PHP Regex: How to match anything except a pattern between two tags
- by Ryan
Hello,
I am attempting to match a string which is composed of HTML. Basically it is an image gallery so there is a lot of similarity in the string. There are a lot of <dl> tags in the string, but I am looking to match the last <dl>(.?)+</dl> combo that comes before a </div>.
The way I've devised to do this is to make sure that there aren't any <dl's inside the <dl></dl> combo I'm matching. I don't care what else is there, including other tags and line breaks.
I decided I had to do it with regular expressions because I can't predict how long this substring will be or anything that's inside it.
Here is my current regex that only returns me an array with two NULL indicies:
preg_match_all('/<dl((?!<dl).)+<\/dl>(?=<\/div>)/', $foo, $bar)
As you can see I use negative lookahead to try and see if there is another <dl> within this one.

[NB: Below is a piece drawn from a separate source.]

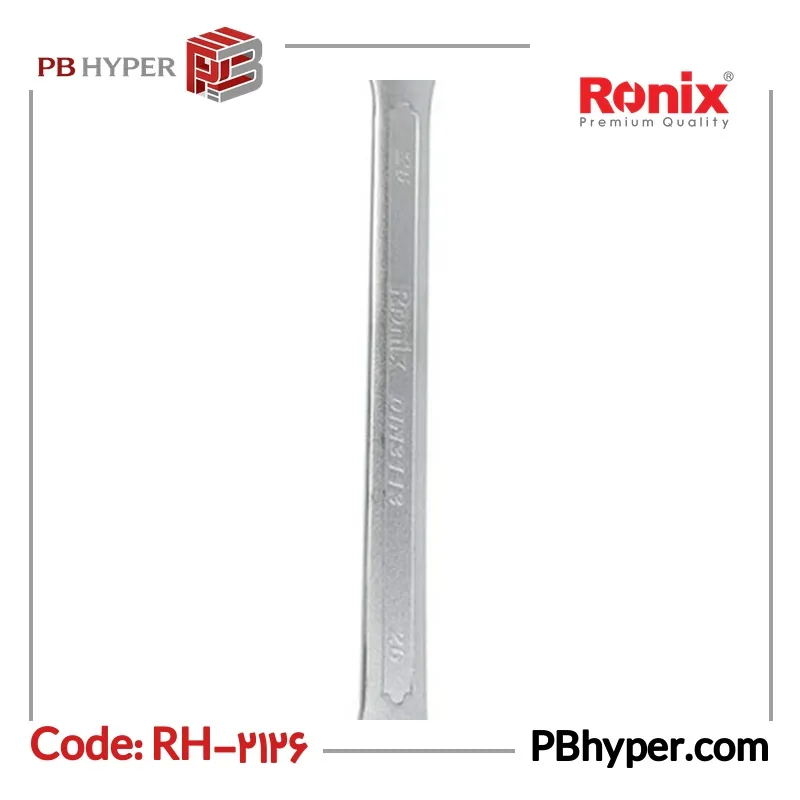 آچار یک سر تخت یک سر رینگی رونیکس مدل RH-2126 سایز 26 میلی متر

I've also tried negative lookbehind here with the same results. I've also tried using +? instead of just + to no avail. Keep in mind that there's no pattern <dl><dl></dl> or anything, but that my regex is either matching the first <dl> and the last </dl> or nothing at all.
Now I realize . won't match line breaks but I've tried anything I could imagine there and it still either provides me with the NULL indicies or nearly the whole string (from the very first occurance of <dl to </dl></div>, which includes several other occurances of <dl>, exactly what I didn't want). I honestly don't know what I'm doing incorrectly.
Thanks for your help! I've spent over an hour just trying to straighten out this one problem and it's about driven me to pulling my hair out.